I sit in my rocker grooming Izzy.  She’s unnaturally still. I follow her intense gaze.  A Carolina wren sits on the porch railing, a worm dangling from its beak. It looks left and right, up and down, hops closer.  A flower box is attached halfway up the wall to my left. When we arrived for the summer I was delighted to discover it contained a nest. How did the birds know how to build it? Now the eggs have hatched.

Izzy and I are only a few feet away. I sit very still, willing the parent to reach the nest before we scare it off. Izzy whips her body around hoping the brush in my hand will scratch the itchy space where her tail and back meet. Startled, the wren flies away. I release my breath slowly, regret having alarmed it, feel like an intruder on my own porch, wish the birds weren’t afraid of us. Izzy noses my hand. I brush her obligingly.

Can you see the wren sitting on the chair?
Can you see the wren on the closest chair?

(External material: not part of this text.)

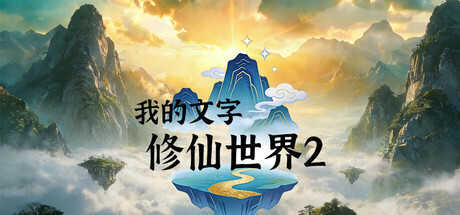 我的文字修仙世界2 Banner
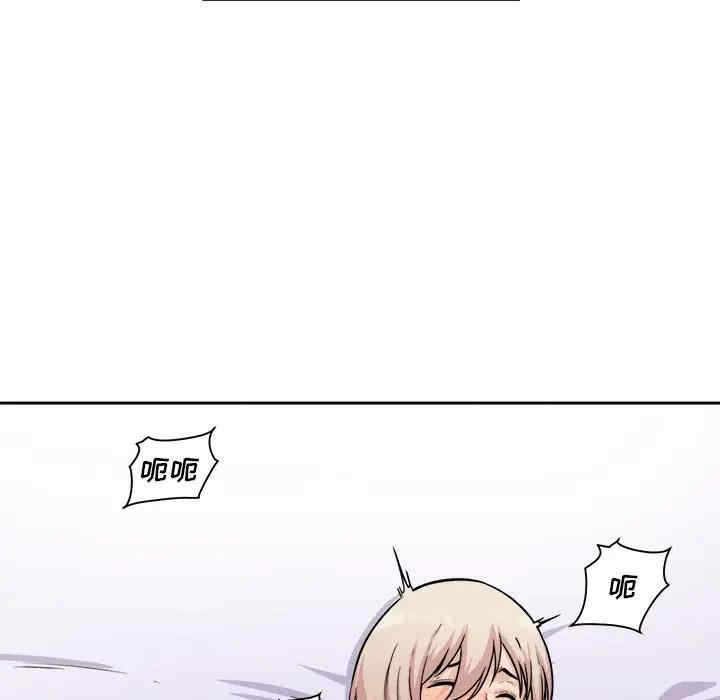 第73张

The Smokeys are filled with sources of fresh emotions that remind me of my own instincts. This morning when Fred went out to the porch to enjoy his coffee, a squirrel jumped off the chaise lounge. The yellow wool throw at the end of it was churned into a lumpy mass. Apparently the squirrel had used my cozy wrap for a nest.

It’s been cool and rainy for the past two weeks. When misty drizzles swell into weightier drops the birds desert our feeders. I feel sorry for them, worry about how they’re keeping dry.

Luckily, the wrens’ nest is high and dry under a covered porch. I’m comforted by this when I watch the rain from my rocking chair. Yet, there’s a down side to this location. How were Mama and Papa Wren to know their refuge in this mountain valley is also our nest, and that it would soon be invaded by a four-legged, waggy-tailed, creature as well as some giant two-leggeds?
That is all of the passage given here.